Henrique Raposo

A tempo e a desmodo

Henrique Raposo

Roma versus Bizâncio

Contactos do autor

Esta questão polaca é mais importante do que o Brexit. Com ou sem sanções para Varsóvia, este episódio é só o início ou o fim do início de um processo que já é visível há muito: a rutura entre a Europa de Leste e a Europa ocidental. É de novo o choque entre Roma e Bizâncio, duas entidades com sensibilidades históricas e culturais distintas. E se este processo já era mais ou menos inevitável, a ausência moral e política dos EUA agravou a situação, até porque o vazio americano é ocupado cada vez mais por uma Moscóvia que se vê como herdeira de Bizâncio e - aos seus olhos - do verdadeiro ocidente. Não é por acaso que os estados de leste (Grécia incluída) olham cada vez mais para Moscovo enquanto modelo. Daqui a dez anos, a UE vai ser diferente não por causa do Brexit, mas por causa desta deriva que – na ausência dos EUA – é inevitável.

A UE está dividida entre Roma e Bizâncio. Só há um elemento capaz de reagrupar estas duas entidades, a América. A América porém atravessa uma longa divisão interna que a afasta da Europa e do mundo. Como diz o outro, winter is coming

Há dez anos, trabalhei com militares e diplomatas da Europa de Leste. O racismo sem filtros é uma marca destas pessoas. Membros da elite destes países têm comentários racistas que na Europa ocidental só existem na tasca da Le Pen. Os europeus orientais respondem ao 8 politicamente correto com um 80 de boçalidade racista. Criticam, e bem, o politicamente correto, mas respondem a esse veneno ocidental com um veneno de sentido inverso; desprezam a sensibilidade constitucional assente no direito natural e na irmandade paulina e/ou kantiana. A discussão das causas desta diferença fica para outra conversa, mas o efeito é evidente: se o ocidente romano está no pólo cosmopolita (sociedade, gesellschaft), o oriente bizantino está no pólo tribal (comunidade, gemeinschaft).

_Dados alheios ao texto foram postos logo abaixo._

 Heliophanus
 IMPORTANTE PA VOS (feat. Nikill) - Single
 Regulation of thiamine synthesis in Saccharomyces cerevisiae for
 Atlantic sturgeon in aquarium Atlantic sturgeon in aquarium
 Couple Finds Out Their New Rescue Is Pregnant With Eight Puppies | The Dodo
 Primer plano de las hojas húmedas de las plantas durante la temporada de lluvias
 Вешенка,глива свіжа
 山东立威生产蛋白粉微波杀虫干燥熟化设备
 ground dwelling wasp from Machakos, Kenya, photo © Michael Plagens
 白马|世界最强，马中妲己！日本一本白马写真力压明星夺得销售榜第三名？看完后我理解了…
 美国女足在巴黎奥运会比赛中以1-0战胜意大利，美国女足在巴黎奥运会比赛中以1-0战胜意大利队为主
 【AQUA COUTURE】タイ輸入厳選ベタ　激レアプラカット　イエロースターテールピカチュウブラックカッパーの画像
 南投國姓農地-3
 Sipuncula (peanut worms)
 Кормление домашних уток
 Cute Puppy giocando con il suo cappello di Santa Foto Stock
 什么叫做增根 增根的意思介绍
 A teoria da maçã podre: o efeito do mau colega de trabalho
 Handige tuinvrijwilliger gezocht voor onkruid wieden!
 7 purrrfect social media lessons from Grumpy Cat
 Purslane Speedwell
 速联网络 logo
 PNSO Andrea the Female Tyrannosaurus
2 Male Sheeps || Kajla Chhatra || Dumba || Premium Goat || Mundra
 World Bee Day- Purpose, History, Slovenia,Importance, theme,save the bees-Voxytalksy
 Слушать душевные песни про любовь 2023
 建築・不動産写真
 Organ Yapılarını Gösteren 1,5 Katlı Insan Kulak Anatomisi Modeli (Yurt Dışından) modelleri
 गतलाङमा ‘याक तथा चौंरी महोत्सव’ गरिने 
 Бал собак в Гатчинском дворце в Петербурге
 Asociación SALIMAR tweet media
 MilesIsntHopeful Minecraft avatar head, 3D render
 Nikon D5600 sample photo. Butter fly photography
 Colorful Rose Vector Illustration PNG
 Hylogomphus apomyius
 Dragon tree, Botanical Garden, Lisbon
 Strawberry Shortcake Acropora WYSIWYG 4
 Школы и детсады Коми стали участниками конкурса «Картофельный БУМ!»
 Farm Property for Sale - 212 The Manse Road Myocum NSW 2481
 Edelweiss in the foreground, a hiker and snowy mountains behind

A par da questão tribal e rácica, há uma evidente separação ao nível da cultura política. A separação de poderes, o estado de direito, o habeas corpus e o próprio direito natural não são tão vincados a oriente. A ideia de uma soberania intocada, sagrada e com essa sacralidade corporizada num chefe encontra a oriente um terreno fértil. Porquê? A história da Polónia e demais países do oriente tem sido marcada por culturas políticas contrárias aos princípios republicanos da democracia liberal - o comunismo, o fascismo e o nacionalismo que combateu e destruir impérios cosmopolitas como o Império Austro-Húngaro. Aliás, repare-se como o nacionalismo que destruiu o império cosmopolita de Stefan Zweig é o mesmo nacionalismo que ameaça destruir o cosmopolitismo da UE.

Não tenham dúvidas: a UE é cada vez mais o império romano dividido entre Roma e Bizâncio. Só há um elemento capaz de reagrupar estas duas entidades, a América. A América porém atravessa uma longa divisão interna que a afasta da Europa e do mundo. Como diz o outro, winter is coming.